SRF Wissen: Rattenkopf mit menschlichen Hirnzellen – das klingt fast unmöglich. Was haben die US-Forscher da gemacht?

Katrin Zöfel: Für diese Studie haben US-Forscher an der Uni Stanford menschliche Nervenzellen in die Gehirne von Ratten eingepflanzt. Diese Nervenzellen haben sich dort tatsächlich integriert, und haben dann das Verhalten der Ratten mitgesteuert.

Sie haben aus Stammzellen eine Art menschliches Minigehirn gezüchtet – sowas ist auch schon länger möglich, man nennt solche Mini-Organe auch Organoide.

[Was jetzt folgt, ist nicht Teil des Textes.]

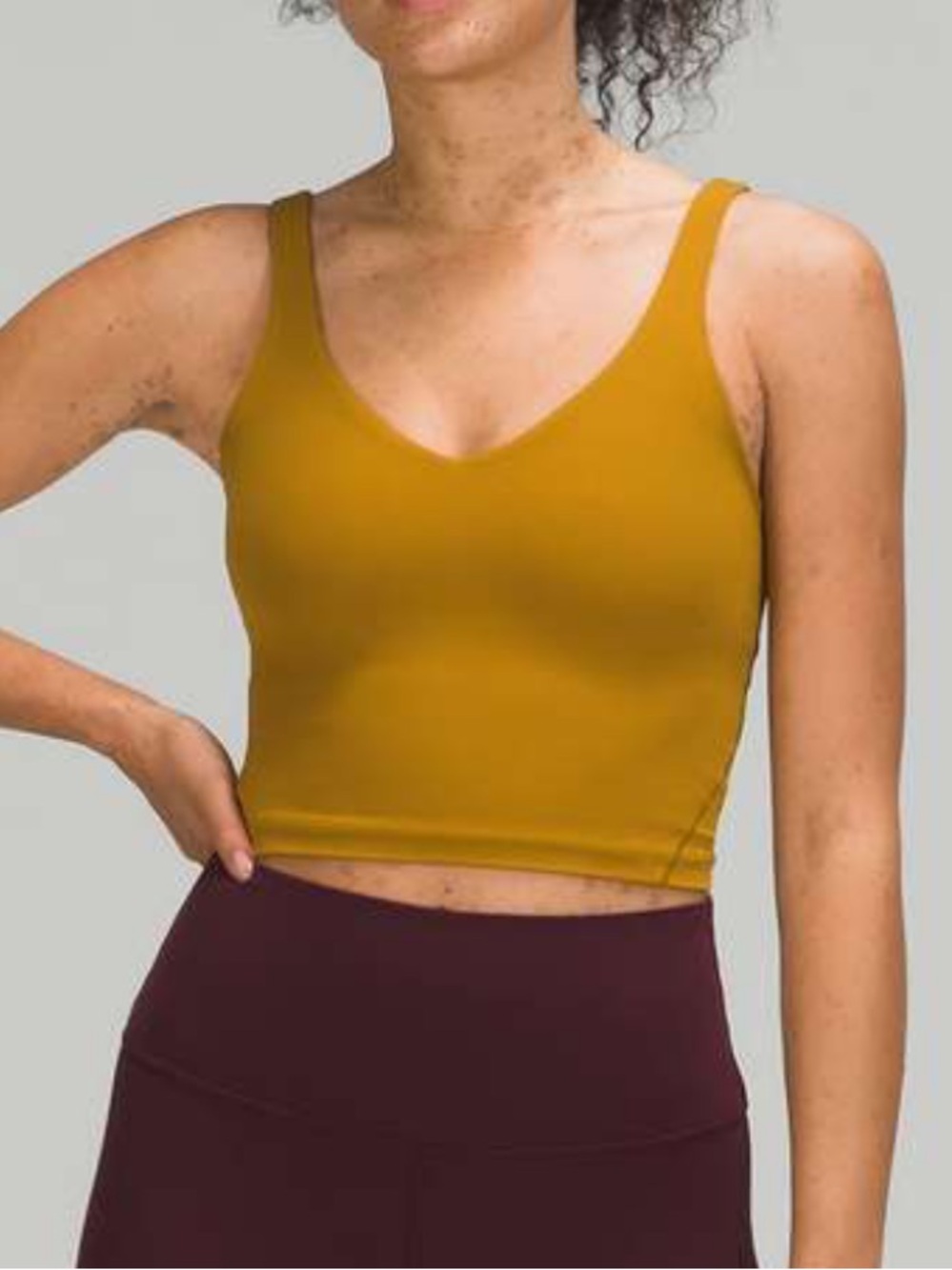 Lululemon Align Tank Top Size 0 Gold Spice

In diesen Hirnorganoiden bilden sich richtige Nervenzellnetzwerke aus, sogar hirn-ähnliche Strukturen mit Schichten. Diese sind und bleiben aber winzig, ohne sich zu vernetzen.

Deshalb kann man daran vieles gar nicht richtig untersuchen. Also haben die Forschenden ein Hirnorganoid aus menschlichen Zellen bei neugeborenen Ratten ins Gehirn eingepflanzt und siehe da: Rattennervenzellen und menschliche Nervenzellen haben sich verbunden und zusammen funktioniert.

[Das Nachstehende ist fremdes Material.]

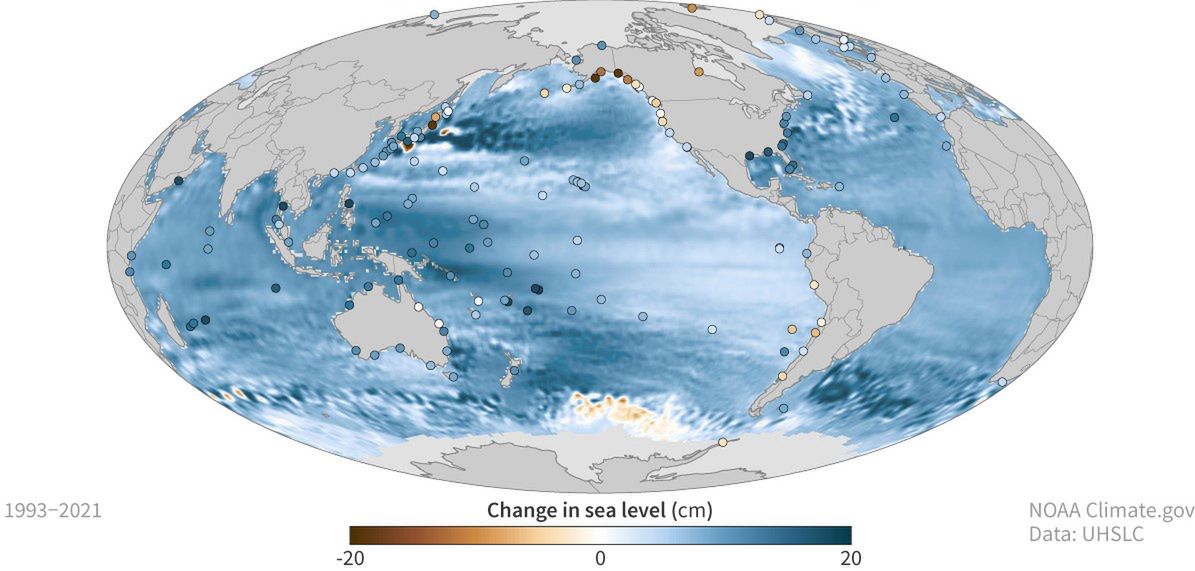 NOAA: stężenie gazów cieplarnianych i poziom morza osiągnęły kolejne rekordy w 2021 r.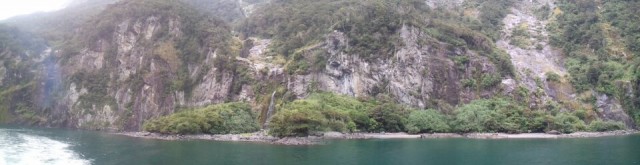 Boat trip; unfortunate the weather was not at its best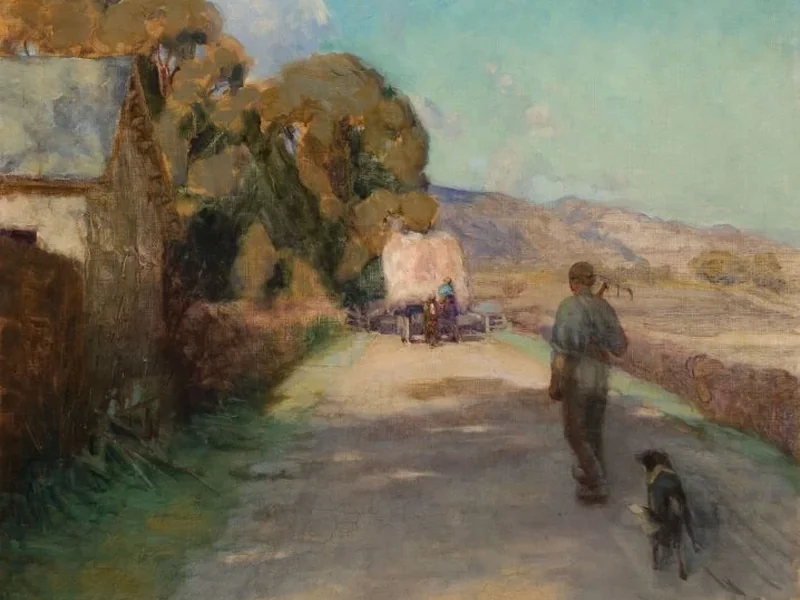 1861-Dorothy Kate Richmond - Una strada di campagna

Wie haben die Forschenden das geprüft?

Sie konnten messen, dass die menschlichen Hirnzellen Signale von den Rattenhirnzellen empfangen und verarbeiten konnten. Zudem haben sie die Ratten an ihren Schnurrhaaren berührt und konnten sehen, dass die menschlichen Nervenzellen auf den Reiz reagiert haben.

Und wozu das alles?

Es geht vor allem darum, psychiatrische Krankheiten wie Schizophrenie besser zu verstehen, und zwar auf biologischer Ebene. Bisher sind die meisten psychiatrischen Erkrankungen vor allem über Verhaltensweisen und Symptome definiert, zum Beispiel exzessives Händewaschen oder Halluzinationen. Was biologisch genau passiert, ist oft noch sehr unklar.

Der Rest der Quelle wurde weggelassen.